■ Assignment
The entries should be given again in full. Alter nothing.

■ Source material
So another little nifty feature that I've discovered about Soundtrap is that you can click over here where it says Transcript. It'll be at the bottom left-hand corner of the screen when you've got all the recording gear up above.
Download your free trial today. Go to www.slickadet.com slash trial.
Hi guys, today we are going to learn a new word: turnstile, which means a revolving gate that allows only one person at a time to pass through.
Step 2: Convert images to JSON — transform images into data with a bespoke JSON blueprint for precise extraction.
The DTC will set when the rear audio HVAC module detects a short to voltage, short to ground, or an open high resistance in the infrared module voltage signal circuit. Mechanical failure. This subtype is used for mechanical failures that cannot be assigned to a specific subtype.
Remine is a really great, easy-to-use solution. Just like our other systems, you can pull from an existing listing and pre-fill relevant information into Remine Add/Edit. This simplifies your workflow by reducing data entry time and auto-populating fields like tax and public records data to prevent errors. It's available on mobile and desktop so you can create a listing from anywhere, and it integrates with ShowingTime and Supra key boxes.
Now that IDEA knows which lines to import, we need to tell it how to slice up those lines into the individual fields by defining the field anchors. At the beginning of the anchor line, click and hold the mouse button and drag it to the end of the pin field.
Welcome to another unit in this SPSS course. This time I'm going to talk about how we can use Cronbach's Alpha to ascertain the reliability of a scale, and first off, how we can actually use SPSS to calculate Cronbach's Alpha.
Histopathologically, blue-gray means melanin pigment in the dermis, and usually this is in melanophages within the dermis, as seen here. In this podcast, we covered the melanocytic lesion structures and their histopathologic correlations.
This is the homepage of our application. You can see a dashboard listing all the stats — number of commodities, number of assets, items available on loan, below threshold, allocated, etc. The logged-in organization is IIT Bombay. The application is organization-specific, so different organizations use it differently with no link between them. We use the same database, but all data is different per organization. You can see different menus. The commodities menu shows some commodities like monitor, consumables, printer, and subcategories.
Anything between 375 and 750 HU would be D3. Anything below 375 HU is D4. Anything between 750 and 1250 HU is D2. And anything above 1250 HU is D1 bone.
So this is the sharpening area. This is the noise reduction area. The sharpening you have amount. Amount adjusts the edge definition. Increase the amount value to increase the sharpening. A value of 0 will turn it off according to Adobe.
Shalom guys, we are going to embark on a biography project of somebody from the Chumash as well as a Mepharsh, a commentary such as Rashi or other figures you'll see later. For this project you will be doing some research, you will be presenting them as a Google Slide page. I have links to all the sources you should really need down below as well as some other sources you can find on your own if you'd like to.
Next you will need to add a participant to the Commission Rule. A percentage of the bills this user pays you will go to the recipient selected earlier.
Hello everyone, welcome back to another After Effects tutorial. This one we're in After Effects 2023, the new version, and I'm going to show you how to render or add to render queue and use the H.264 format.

■ Written answer
So another little nifty feature that I've discovered about Soundtrap is that you can click over here where it says Transcript. It'll be at the bottom left-hand corner of the screen when you've got all the recording gear up above.
Download your free trial today. Go to www.slickadet.com slash trial.
Hi guys, today we are going to learn a new word: turnstile, which means a revolving gate that allows only one person at a time to pass through.
Step 2: Convert images to JSON — transform images into data with a bespoke JSON blueprint for precise extraction.
The DTC will set when the rear audio HVAC module detects a short to voltage, short to ground, or an open high resistance in the infrared module voltage signal circuit. Mechanical failure. This subtype is used for mechanical failures that cannot be assigned to a specific subtype.
Remine is a really great, easy-to-use solution. Just like our other systems, you can pull from an existing listing and pre-fill relevant information into Remine Add/Edit. This simplifies your workflow by reducing data entry time and auto-populating fields like tax and public records data to prevent errors. It's available on mobile and desktop so you can create a listing from anywhere, and it integrates with ShowingTime and Supra key boxes.
Now that IDEA knows which lines to import, we need to tell it how to slice up those lines into the individual fields by defining the field anchors. At the beginning of the anchor line, click and hold the mouse button and drag it to the end of the pin field.
Welcome to another unit in this SPSS course. This time I'm going to talk about how we can use Cronbach's Alpha to ascertain the reliability of a scale, and first off, how we can actually use SPSS to calculate Cronbach's Alpha.
Histopathologically, blue-gray means melanin pigment in the dermis, and usually this is in melanophages within the dermis, as seen here. In this podcast, we covered the melanocytic lesion structures and their histopathologic correlations.
This is the homepage of our application. You can see a dashboard listing all the stats — number of commodities, number of assets, items available on loan, below threshold, allocated, etc. The logged-in organization is IIT Bombay. The application is organization-specific, so different organizations use it differently with no link between them. We use the same database, but all data is different per organization. You can see different menus. The commodities menu shows some commodities like monitor, consumables, printer, and subcategories.
Anything between 375 and 750 HU would be D3. Anything below 375 HU is D4. Anything between 750 and 1250 HU is D2. And anything above 1250 HU is D1 bone.
So this is the sharpening area. This is the noise reduction area. The sharpening you have amount. Amount adjusts the edge definition. Increase the amount value to increase the sharpening. A value of 0 will turn it off according to Adobe.
Shalom guys, we are going to embark on a biography project of somebody from the Chumash as well as a Mepharsh, a commentary such as Rashi or other figures you'll see later. For this project you will be doing some research, you will be presenting them as a Google Slide page. I have links to all the sources you should really need down below as well as some other sources you can find on your own if you'd like to.
Next you will need to add a participant to the Commission Rule. A percentage of the bills this user pays you will go to the recipient selected earlier.
Hello everyone, welcome back to another After Effects tutorial. This one we're in After Effects 2023, the new version, and I'm going to show you how to render or add to render queue and use the H.264 format.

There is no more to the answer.